1' I may not share the assumption of the first question that I felt I have embodied the 'system or mechanism' of English. I certainly felt on various occasion the 'hang' (or 'knack') of using English as a foreign language, but I'm not exactly sure whether it was the systematic whole as you suggest in the second paragraph of the first question. There are two episodes, though, that show the senses of progress that I felt in my language learning: dreaming at night in English and beginning to find a 'voice' in the print, as I wrote in "'Feeling' of language as a sign of autopoiesis".

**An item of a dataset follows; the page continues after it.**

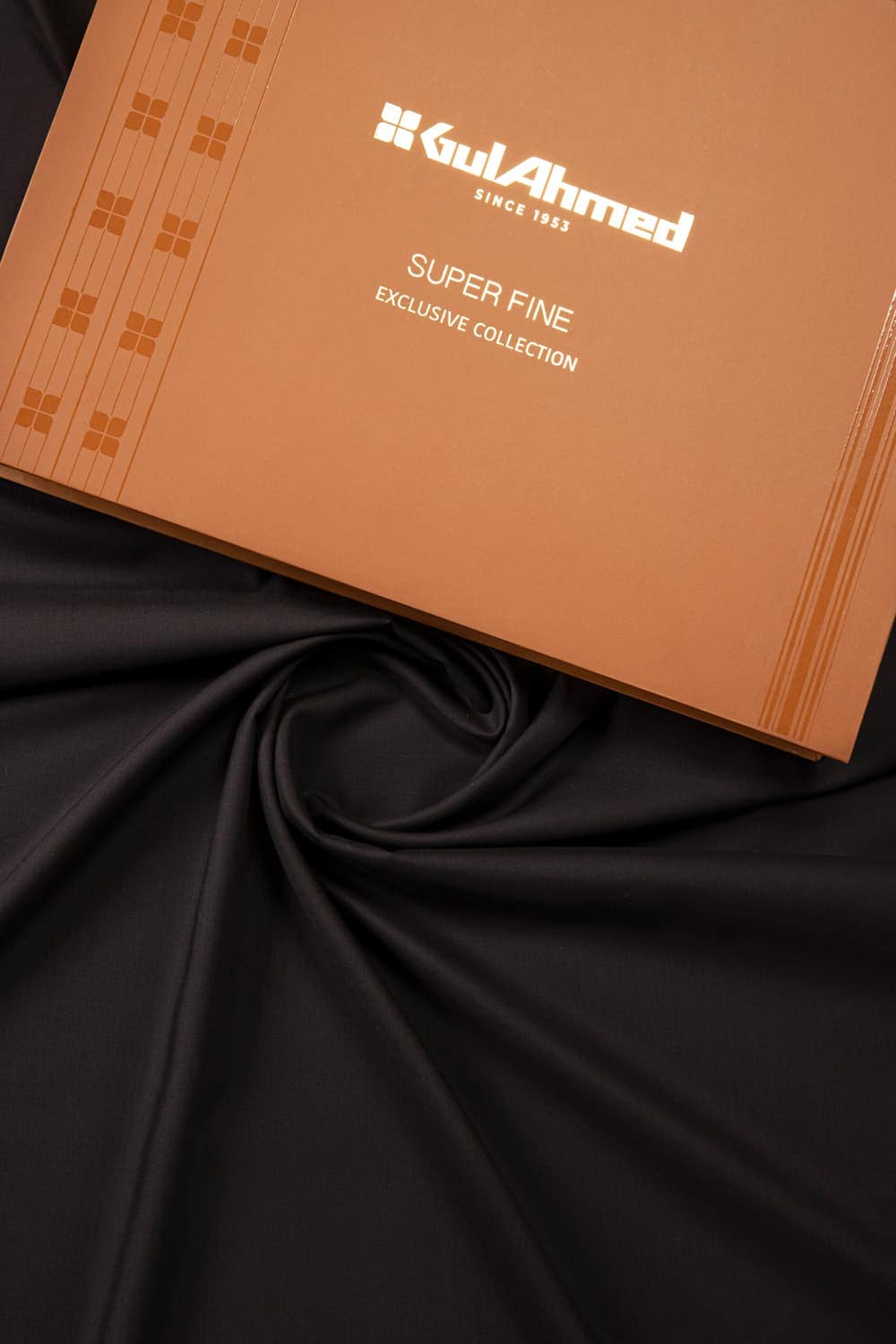 GUL 90 Fresher Unstitched Fabric Blended with Gift Box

2' The contrast between the 'systematic whole' of traditional grammar versus the 'ad hoc pieces' of (very flexible) pedagogical grammar is one of the issues that I find the most interesting in the symposium arguments. As an act of communication (cf My summary of Swan, Michael (1994) "Design Criteria for Pedagogic Language Rules"), (meta)linguistic account of pedagogical grammar should be particularized to the needs of a particular learner and hence be ad hoc. However, an inconsistent series of 'convenient fictions' as provisional accounts of pedagogical grammar (Please read my summary of Leech, Geoffrey N. (1994) “Students’ Grammar -- Teachers’ Grammar -- Learners’ Grammar”) would only lead to the confusion of the learner. The systematic approach and the ad hoc approach must complement each other. So I believe the lexical approach is quite effective, but it should be supplemented by some systematic account of English grammar.
3' The third question is indeed related to the second question in particular, and I believe the 'minimal essentials', 'selection of learning materials' or 'sequence of learning/instruction' must be specifically designed and implemented. (After all, it is what teaching is all about.) It should be added, though, that there should be more than one type of essentials, selections, or sequences in English teaching. An ex-bureaucrat of the Ministry of Education, Japan, commented after the symposium that the primary reason of dropping the subject of 'English Grammar' from the high school curriculum was to deregulate grammatical teaching (well, at least, this is what he said.) Pedagogical grammar descriptions should compete with each other to better satisfy the needs of various learners at different stages of language development and with different motivations for language acquisition. I do not have my own version of pedagogical grammar, and all I've been doing so far is writing a comment like this one.
I thank again Matsui-sensei for his direct question style. This is one of the things Japanese linguistic culture needs.